What the task requires: Transcribe the listing below only from the line with "Traje Gris XXXL / 50 / 60" up to and including the line with "Stabat Mater Soprano, Alto, Strings".

Extracted records:

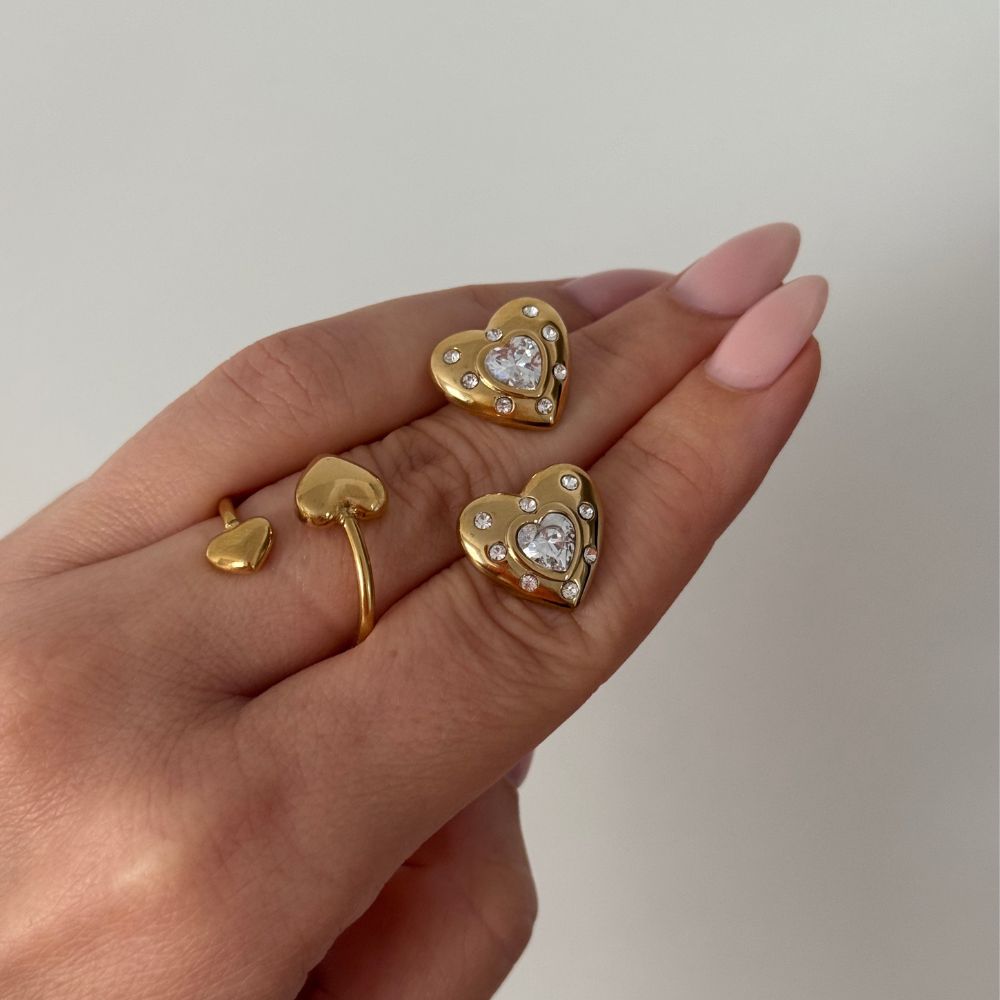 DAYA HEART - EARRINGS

--

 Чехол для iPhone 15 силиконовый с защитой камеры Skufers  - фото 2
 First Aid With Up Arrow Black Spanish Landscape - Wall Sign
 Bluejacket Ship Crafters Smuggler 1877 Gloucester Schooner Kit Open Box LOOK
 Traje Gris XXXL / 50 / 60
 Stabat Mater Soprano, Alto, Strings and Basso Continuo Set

...

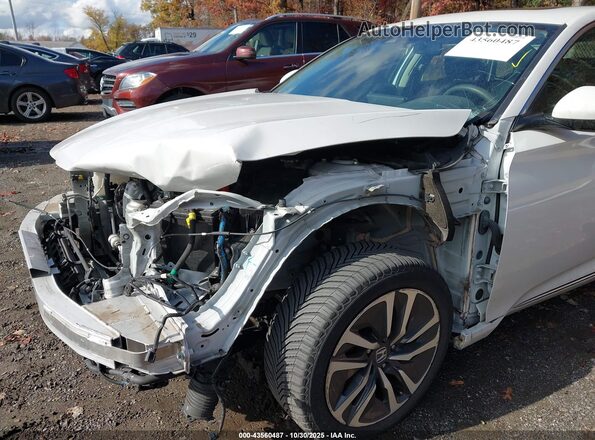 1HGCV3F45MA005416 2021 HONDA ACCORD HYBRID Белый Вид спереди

Exercise output:
 Traje Gris XXXL / 50 / 60
 Stabat Mater Soprano, Alto, Strings and Basso Continuo Set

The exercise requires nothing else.